====== MATERIAL PROVIDED

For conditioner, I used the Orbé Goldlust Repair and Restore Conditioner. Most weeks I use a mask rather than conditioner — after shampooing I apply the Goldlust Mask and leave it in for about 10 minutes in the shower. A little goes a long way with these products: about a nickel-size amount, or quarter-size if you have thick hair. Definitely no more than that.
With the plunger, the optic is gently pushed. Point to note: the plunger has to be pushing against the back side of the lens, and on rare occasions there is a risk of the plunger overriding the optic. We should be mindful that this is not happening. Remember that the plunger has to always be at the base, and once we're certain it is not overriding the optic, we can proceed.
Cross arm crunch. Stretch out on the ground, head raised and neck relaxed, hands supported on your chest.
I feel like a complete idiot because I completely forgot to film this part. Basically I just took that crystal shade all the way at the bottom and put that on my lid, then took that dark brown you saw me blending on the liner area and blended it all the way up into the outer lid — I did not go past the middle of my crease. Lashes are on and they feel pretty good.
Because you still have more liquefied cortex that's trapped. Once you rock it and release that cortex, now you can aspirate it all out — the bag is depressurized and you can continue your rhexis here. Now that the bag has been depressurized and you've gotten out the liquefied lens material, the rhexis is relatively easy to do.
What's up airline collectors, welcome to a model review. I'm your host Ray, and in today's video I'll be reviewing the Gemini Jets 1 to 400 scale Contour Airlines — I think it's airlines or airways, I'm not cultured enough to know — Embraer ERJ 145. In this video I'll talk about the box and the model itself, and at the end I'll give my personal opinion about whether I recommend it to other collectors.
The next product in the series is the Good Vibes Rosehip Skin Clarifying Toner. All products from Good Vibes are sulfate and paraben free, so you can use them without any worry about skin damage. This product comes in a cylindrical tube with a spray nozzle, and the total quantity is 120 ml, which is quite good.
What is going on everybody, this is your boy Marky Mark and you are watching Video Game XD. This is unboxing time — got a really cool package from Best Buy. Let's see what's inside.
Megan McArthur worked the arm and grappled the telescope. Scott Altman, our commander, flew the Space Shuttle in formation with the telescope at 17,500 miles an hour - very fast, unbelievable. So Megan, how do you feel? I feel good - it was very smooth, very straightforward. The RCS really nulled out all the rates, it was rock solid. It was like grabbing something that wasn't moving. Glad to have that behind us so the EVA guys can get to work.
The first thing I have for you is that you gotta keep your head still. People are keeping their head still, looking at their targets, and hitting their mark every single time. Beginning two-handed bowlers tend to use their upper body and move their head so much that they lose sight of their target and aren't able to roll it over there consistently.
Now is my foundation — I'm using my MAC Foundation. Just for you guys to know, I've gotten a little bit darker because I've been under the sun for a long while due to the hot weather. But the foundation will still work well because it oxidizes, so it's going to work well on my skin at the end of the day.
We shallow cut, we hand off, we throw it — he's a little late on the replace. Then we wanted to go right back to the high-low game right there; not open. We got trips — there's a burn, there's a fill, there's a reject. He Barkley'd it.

============

▶ [WHAT NEEDS TO BE DONE]:
All records above are to be printed exactly, with nothing omitted.

▶ [EXERCISE ANSWER]:
For conditioner, I used the Orbé Goldlust Repair and Restore Conditioner. Most weeks I use a mask rather than conditioner — after shampooing I apply the Goldlust Mask and leave it in for about 10 minutes in the shower. A little goes a long way with these products: about a nickel-size amount, or quarter-size if you have thick hair. Definitely no more than that.
With the plunger, the optic is gently pushed. Point to note: the plunger has to be pushing against the back side of the lens, and on rare occasions there is a risk of the plunger overriding the optic. We should be mindful that this is not happening. Remember that the plunger has to always be at the base, and once we're certain it is not overriding the optic, we can proceed.
Cross arm crunch. Stretch out on the ground, head raised and neck relaxed, hands supported on your chest.
I feel like a complete idiot because I completely forgot to film this part. Basically I just took that crystal shade all the way at the bottom and put that on my lid, then took that dark brown you saw me blending on the liner area and blended it all the way up into the outer lid — I did not go past the middle of my crease. Lashes are on and they feel pretty good.
Because you still have more liquefied cortex that's trapped. Once you rock it and release that cortex, now you can aspirate it all out — the bag is depressurized and you can continue your rhexis here. Now that the bag has been depressurized and you've gotten out the liquefied lens material, the rhexis is relatively easy to do.
What's up airline collectors, welcome to a model review. I'm your host Ray, and in today's video I'll be reviewing the Gemini Jets 1 to 400 scale Contour Airlines — I think it's airlines or airways, I'm not cultured enough to know — Embraer ERJ 145. In this video I'll talk about the box and the model itself, and at the end I'll give my personal opinion about whether I recommend it to other collectors.
The next product in the series is the Good Vibes Rosehip Skin Clarifying Toner. All products from Good Vibes are sulfate and paraben free, so you can use them without any worry about skin damage. This product comes in a cylindrical tube with a spray nozzle, and the total quantity is 120 ml, which is quite good.
What is going on everybody, this is your boy Marky Mark and you are watching Video Game XD. This is unboxing time — got a really cool package from Best Buy. Let's see what's inside.
Megan McArthur worked the arm and grappled the telescope. Scott Altman, our commander, flew the Space Shuttle in formation with the telescope at 17,500 miles an hour - very fast, unbelievable. So Megan, how do you feel? I feel good - it was very smooth, very straightforward. The RCS really nulled out all the rates, it was rock solid. It was like grabbing something that wasn't moving. Glad to have that behind us so the EVA guys can get to work.
The first thing I have for you is that you gotta keep your head still. People are keeping their head still, looking at their targets, and hitting their mark every single time. Beginning two-handed bowlers tend to use their upper body and move their head so much that they lose sight of their target and aren't able to roll it over there consistently.
Now is my foundation — I'm using my MAC Foundation. Just for you guys to know, I've gotten a little bit darker because I've been under the sun for a long while due to the hot weather. But the foundation will still work well because it oxidizes, so it's going to work well on my skin at the end of the day.
We shallow cut, we hand off, we throw it — he's a little late on the replace. Then we wanted to go right back to the high-low game right there; not open. We got trips — there's a burn, there's a fill, there's a reject. He Barkley'd it.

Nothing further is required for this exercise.